(Stored dataset items)
——————
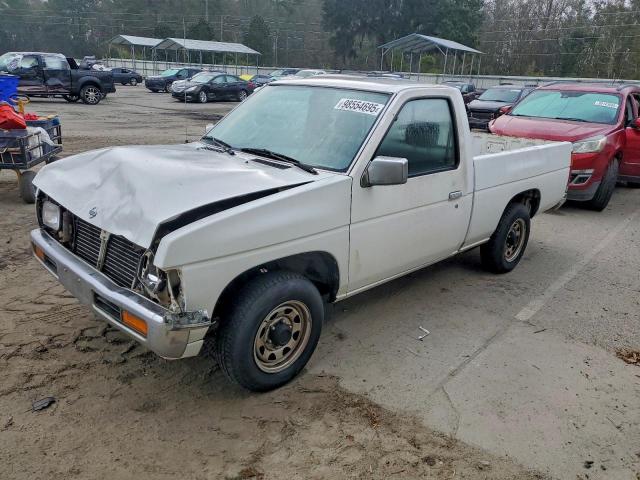  Salvage Nissan Navara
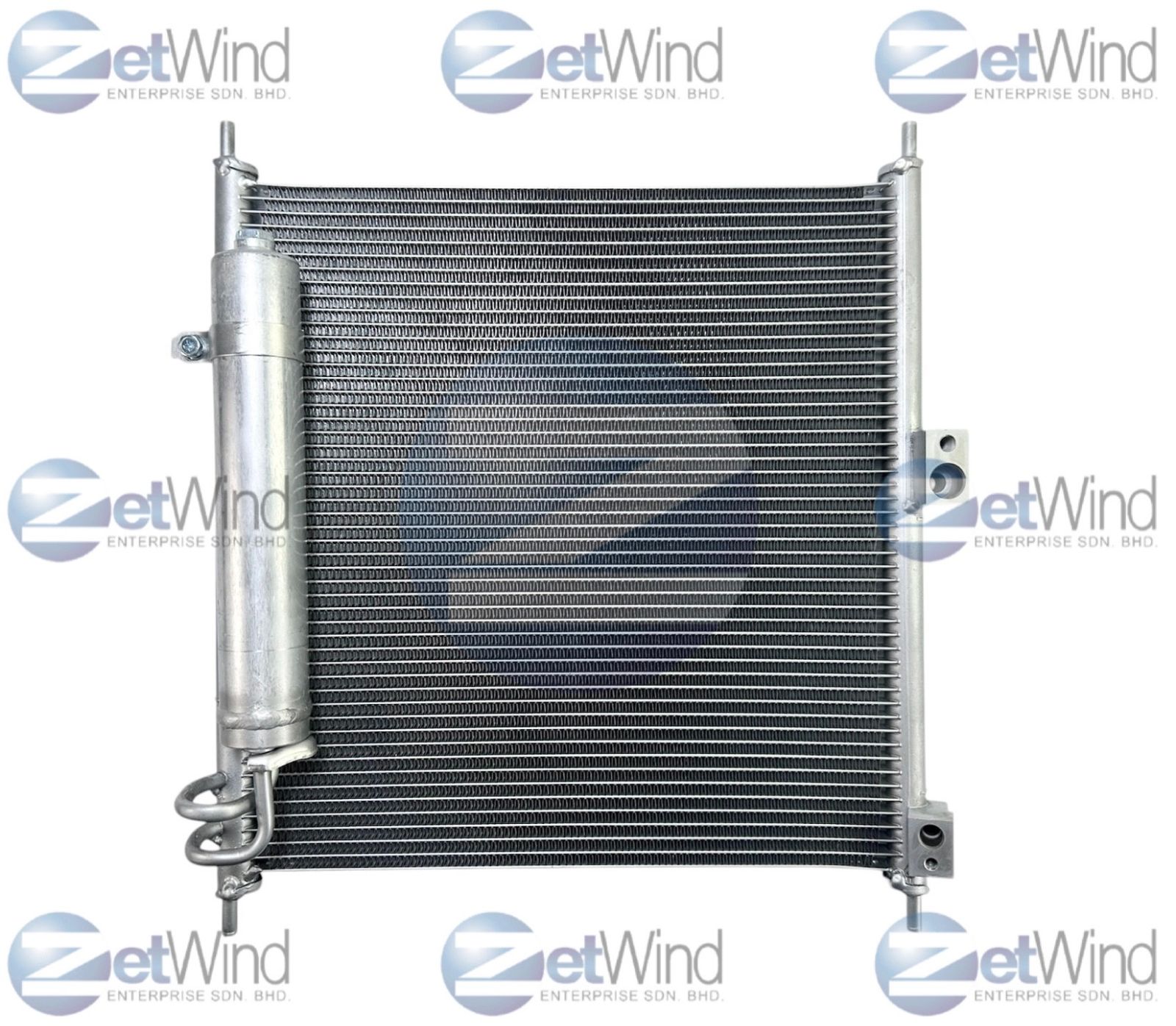 [CODE: 921251] NISSAN RG CWA540 QUESTER 5MM W/DRIER_MAXCOOL-921251
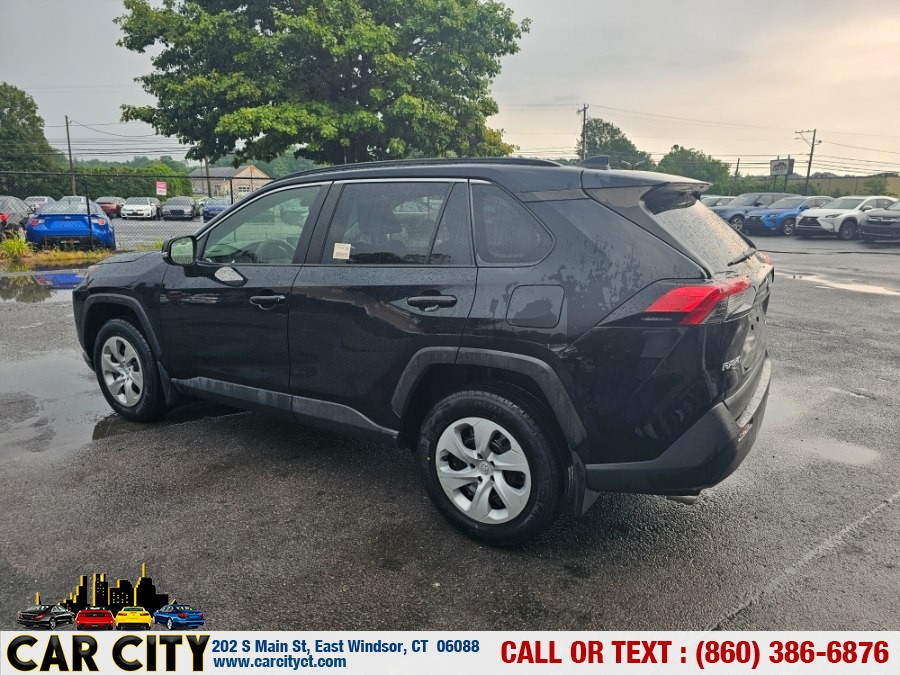 toyota rav4 2019 JTMG1RFV4KD010609 image toyota rav4 2019 JTMG1RFV4KD010609 image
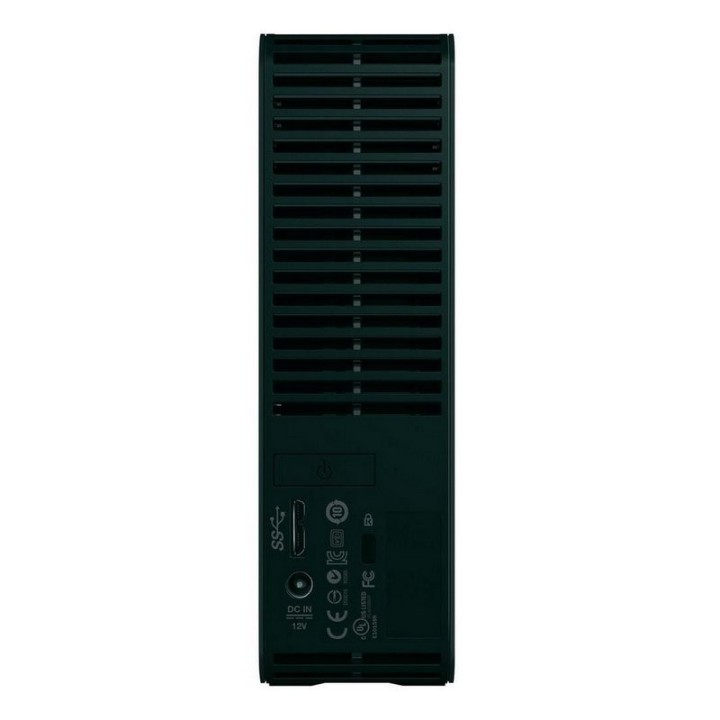 western digital elements desktop 4tb 3.5" usb 3.0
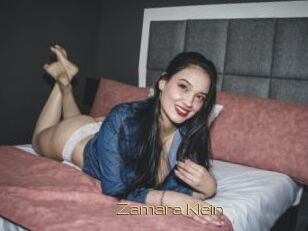 Zamara_Klein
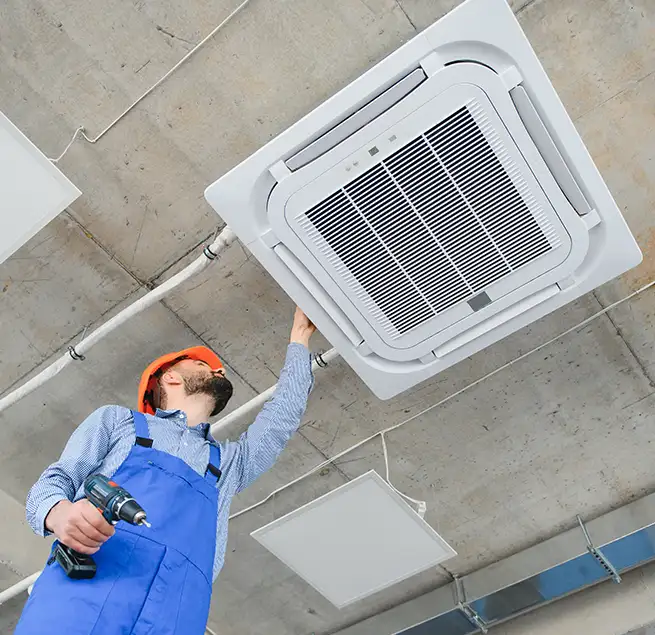  Why Homeowners & Businesses Trust Us in Rocky Mount, NC?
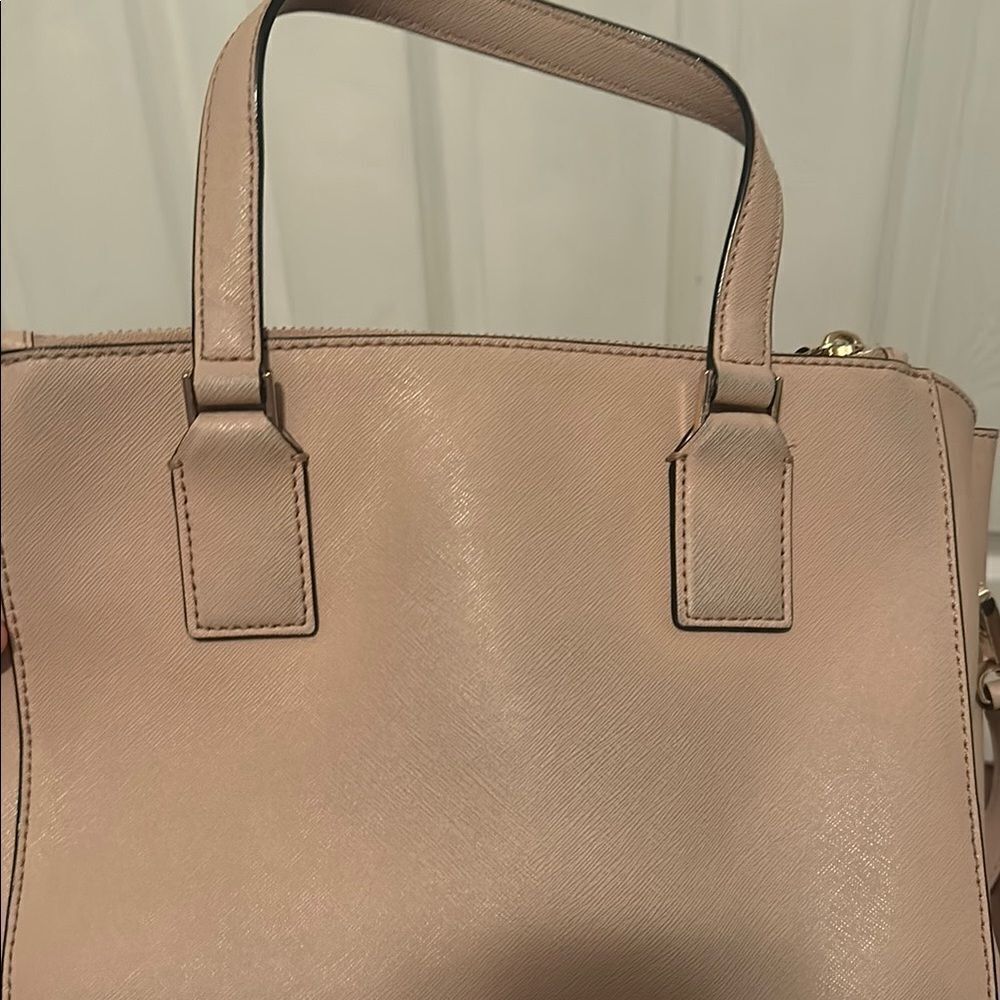 kate spade Pink Satchels - Picture 4 of 4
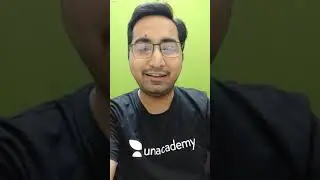 Difference between Fast Learners and Slow Learners | CSIR NET 2021 | Keshav Gilotra #Shorts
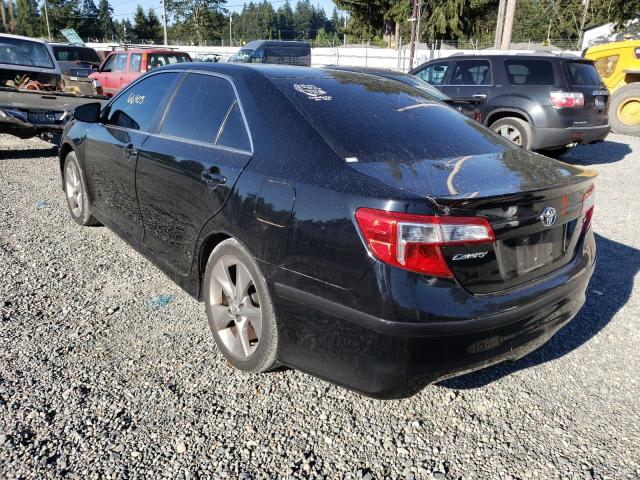Photo 3 from auction – 2014 TOYOTA CAMRY L with VIN 4T1BF1FK7EU463576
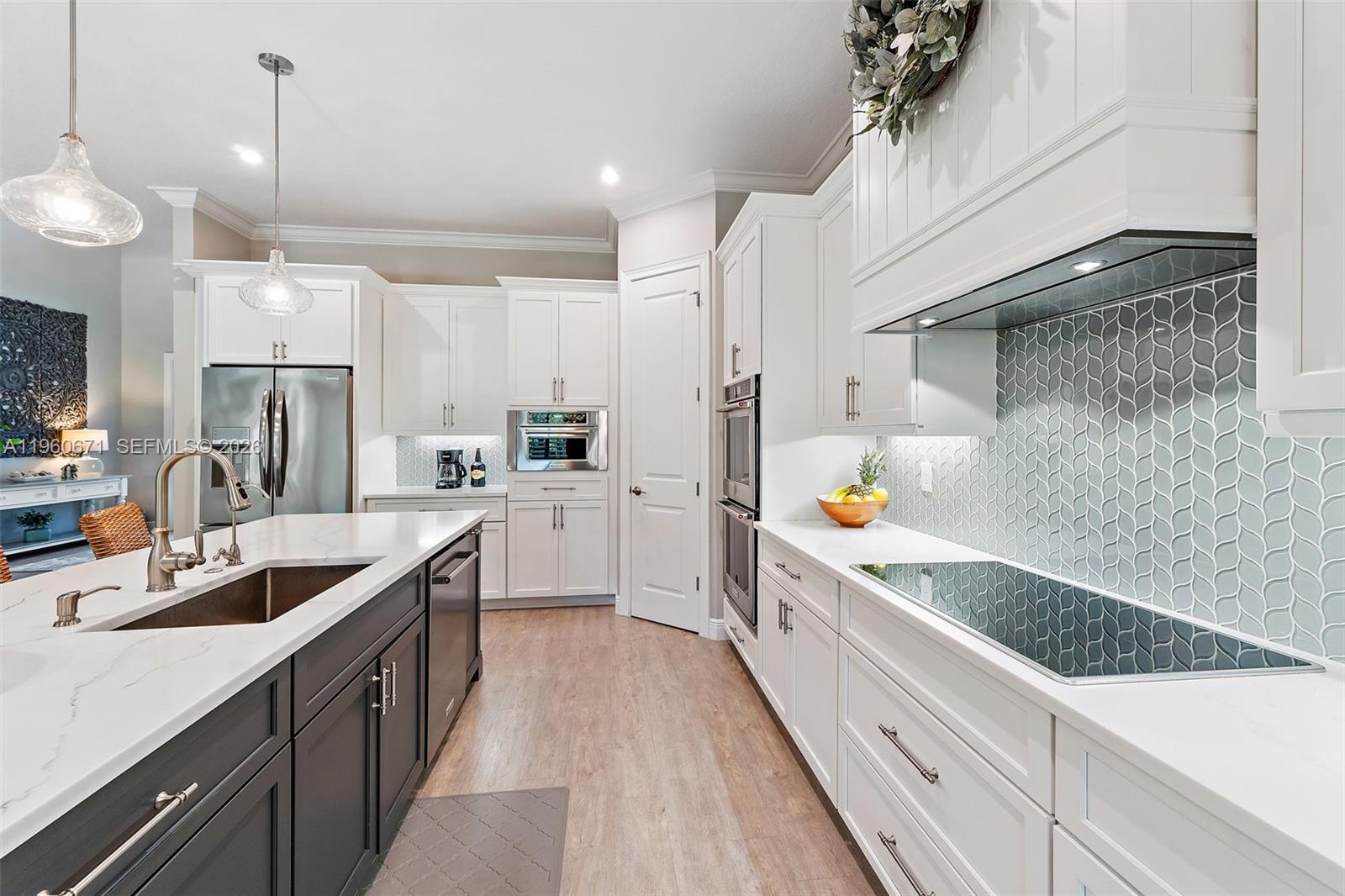 LANGFORD LANDING - Residential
——————
■ **EXERCISE**
Without the pictures, print the records in full, exactly as they appear.

■ **TASK ANSWER**
  Salvage Nissan Navara
 [CODE: 921251] NISSAN RG CWA540 QUESTER 5MM W/DRIER_MAXCOOL-921251
 toyota rav4 2019 JTMG1RFV4KD010609 image toyota rav4 2019 JTMG1RFV4KD010609 image
 western digital elements desktop 4tb 3.5" usb 3.0
 Zamara_Klein
  Why Homeowners & Businesses Trust Us in Rocky Mount, NC?
 kate spade Pink Satchels - Picture 4 of 4
 Difference between Fast Learners and Slow Learners | CSIR NET 2021 | Keshav Gilotra #Shorts
Photo 3 from auction – 2014 TOYOTA CAMRY L with VIN 4T1BF1FK7EU463576
 LANGFORD LANDING - Residential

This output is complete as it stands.